Arts and Crafts people were uneasy about the high status given to to painting since the Renaissance, and about its realism. They liked it to be decorative and flat in effect, like Wentworth Huyshe's copy of a medieval painting. Ironically C. R. Ashbee, a leading figure of the Arts and Crafts, encouraged his daughter, Felicity, who might have become a graphic designer, to train as a painter in the 1930s.
The Guild of Handicraft Trust holds two principal collections by local photographers, Jesse Taylor and Roland Dyer. We have them because they are a valuable historical record of the Campden area in the late nineteenth and twentieth centuries. But we can also see them as objects in their own right, as part of the debate posed at Court Barn. Where does photography stand in relation to art, craft, technology and design?
There are ways of making images which were traditionally thought less important than painting: drawing, watercolour-painting and print-making, such as etching and lithography. People called them the minor arts. F. L. Griggs created etchings, in which the image is bitten into a copper plate and then printed off under great pressure. Looking at his prints, it is hard to see why they should be thought minor, compared with paintings.
Round 1900 sculptors were seen as fine artists, like painters, working in a studio. But Arts and Crafts people were more interested in sculpture in the streets and on buildings and did not see a great difference between a sculptor and a carver who was essentially a craftsman. Alec Miller trained as a carver, executing other people's designs, but he also worked as a sculptor. He was both artist and craftsman.

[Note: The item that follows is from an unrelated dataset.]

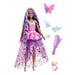 EAN 0194735111985 - Barbie A Touch of Magic HLC33 muñeca imagen 4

Stained-glass work consists of making panels of translucent glass, usually for windows. The medieval style of window, made up of many small pieces of coloured glass, was revived in the nineteenth century and carried through into the twentieth. The Arts and Crafts philosophy in stained glass was that the designer should also be a capable maker. Paul Woodroffe's windows were normally made in a workshop in his garden.
Like ceramics, the textile trades were heavily industrialised in the nineteenth century. And like ceramics, the 'craft' response in textiles did not come with the Arts and Crafts movement around 1900 but in the 1920s, with the revival of hand-weaving. The leading figure in that revival was Ethel Mairet, who first started weaving when she was living in Broad Campden, near Chipping Campden, between 1907 and 1910.